Your lender is required by the Real Estate Settlement Procedures Act (RESPA) to provide a good faith estimate of your closing costs. This estimate is an itemized list of fees you’ll pay to get a loan.
Mortgage closing costs cover things like appraisals, attorney fees, title insurance, taxes, and other expenses associated with getting a loan.
A property appraisal is generally required by a lender before loan approval to ensure that the mortgage loan amount is not more than the value of the property. An appraiser is needed to make this determination.
A survey of the property is usually required to verify that boundary lines for your property, easements, and fences are where they’re supposed to be.
You’re about to buy the home … after that, you’ll own it, right? Well, in some cases, there may be a lien on the property, or some historical dispute to your right of possession. A title search fee is paid to the title company for doing detailed research on the property records for your home. The title company will look at prior deeds, court records, property and name indexes, and many other documents.
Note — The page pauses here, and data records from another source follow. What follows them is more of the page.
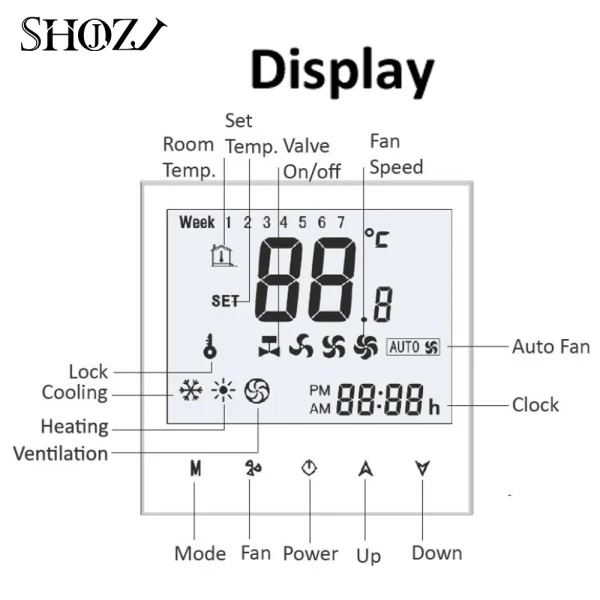 RS485& Modbus RTU 0-10V 24V 95-240V Remotely Controls Home Temperature Control Thermostat Switch for Fan Coil Heat Cool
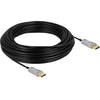 KABELIS DISPLAYPORT M/M 20 PIN V1.4 20M 8K 60HZ OPTYCZNY AKTYWNY JUODA DELOCK
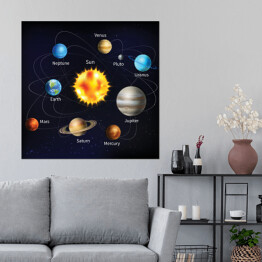 Plakat samoprzylepny Ilustracja Układu Słonecznego z napisami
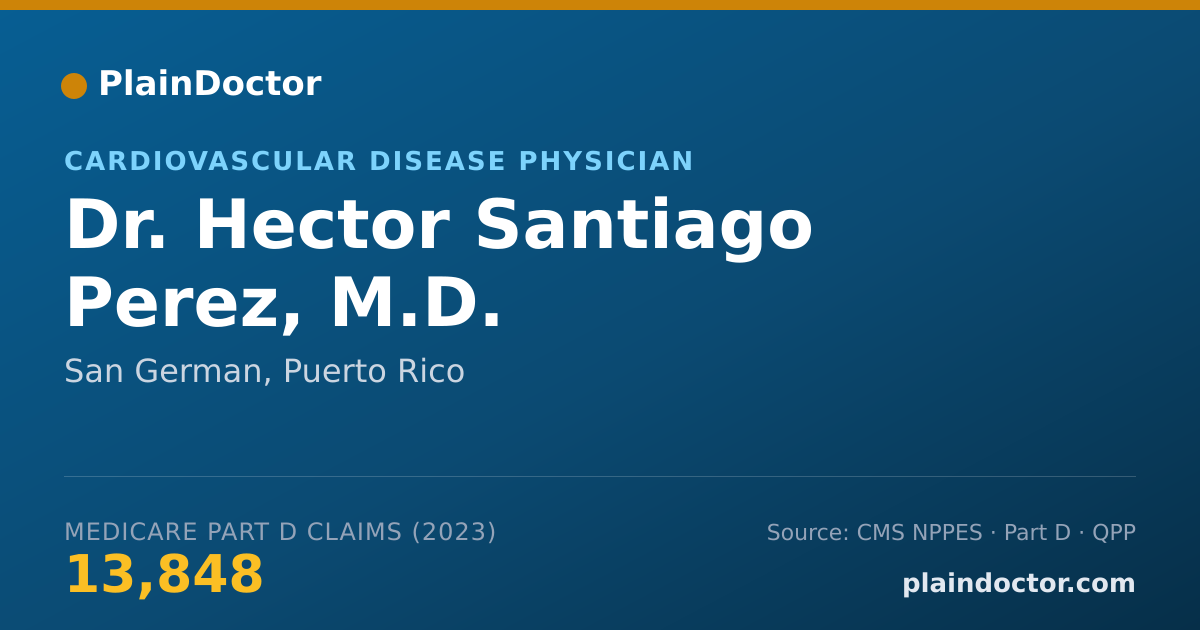 Shareable card for Hector Santiago Perez, M.D. - Cardiovascular Disease Physician, San German, PR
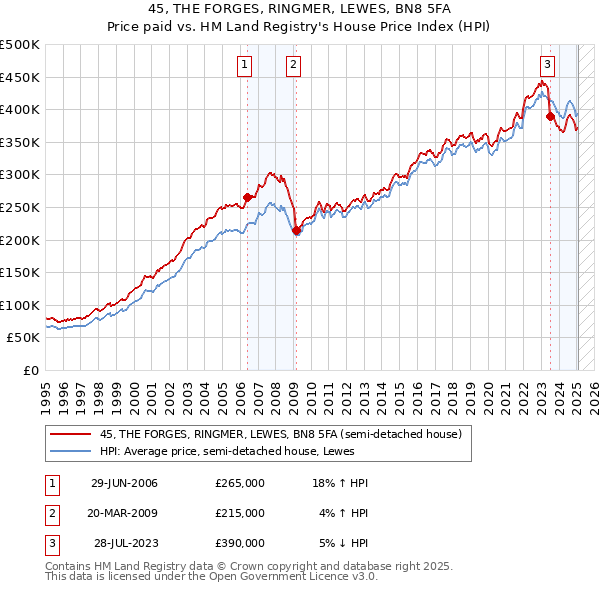 45, THE FORGES, RINGMER, LEWES, BN8 5FA: Price paid vs HM Land Registry's House Price Index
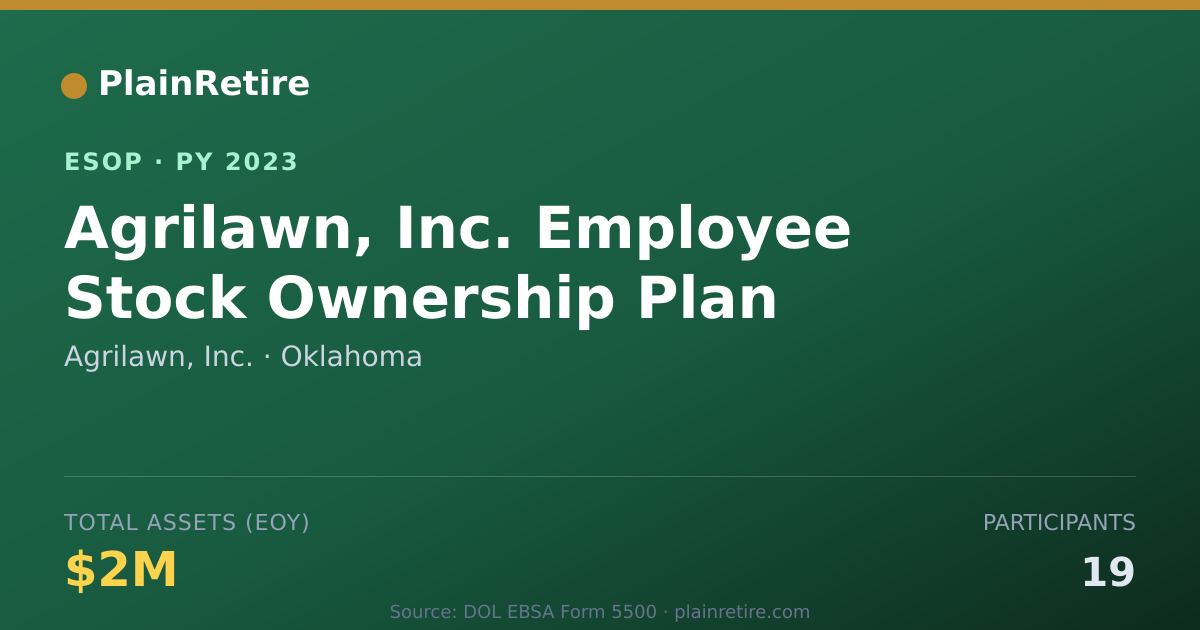 Shareable card for Agrilawn, Inc. ESOP (2023)
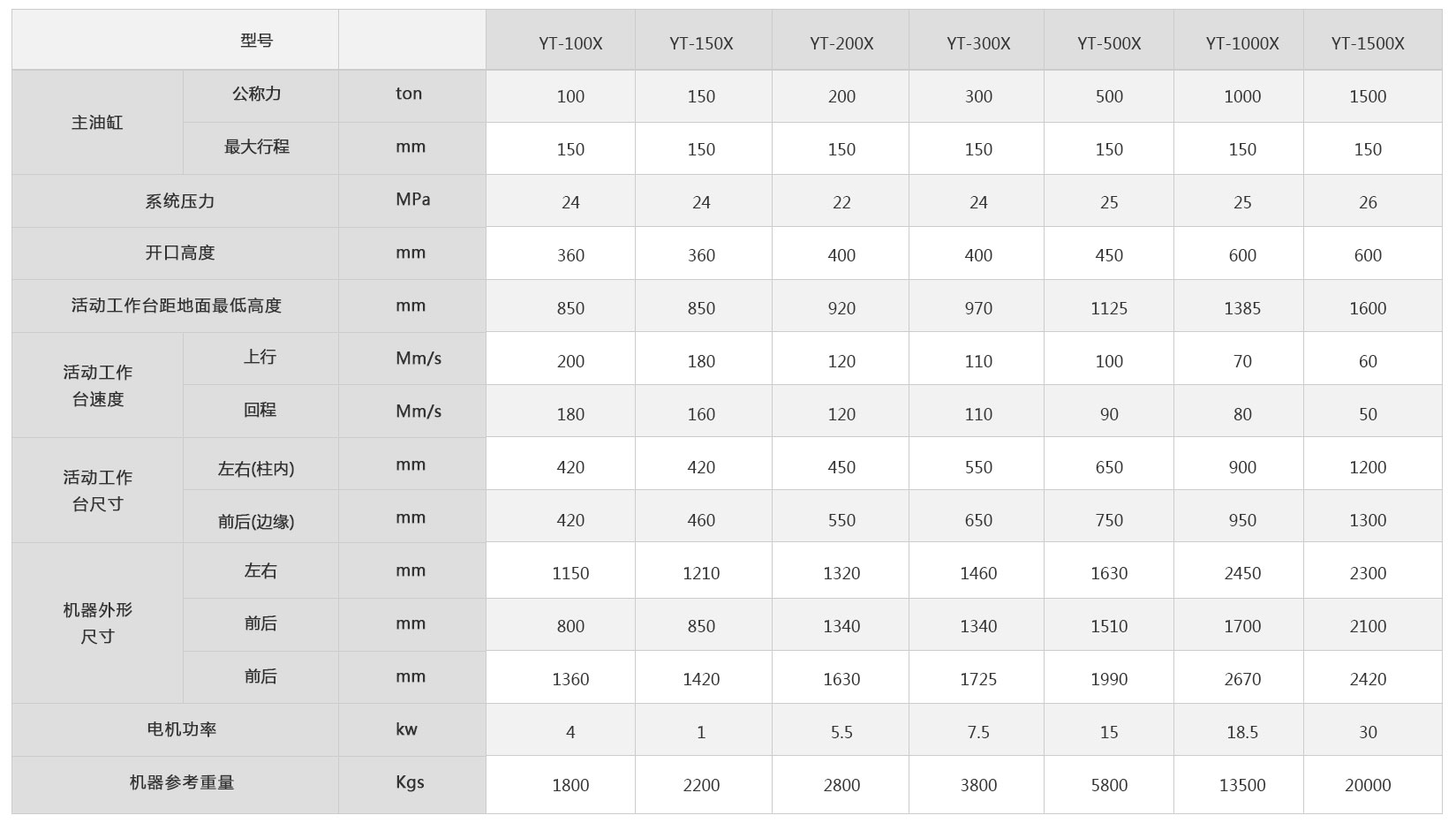 YT-X系列下缸式四柱油壓機(jī)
This is to ensure that there are no liens or problems associated with your ownership of the property.
You’ll need homeowner’s insurance, which covers the costs of rebuilding should an insured event occur. In some cases, your first year's insurance may be paid at closing.
Other fees that you may see include attorney fees, courier fees, pest inspection, plat drawing, underwriting, flood-zone certification, document preparation, and others.
It’s important to check your lender fees and closing costs carefully, and don’t be afraid to ask for advice … the only bad question is one that you don’t ask. This is where your Texas REALTOR® can really help.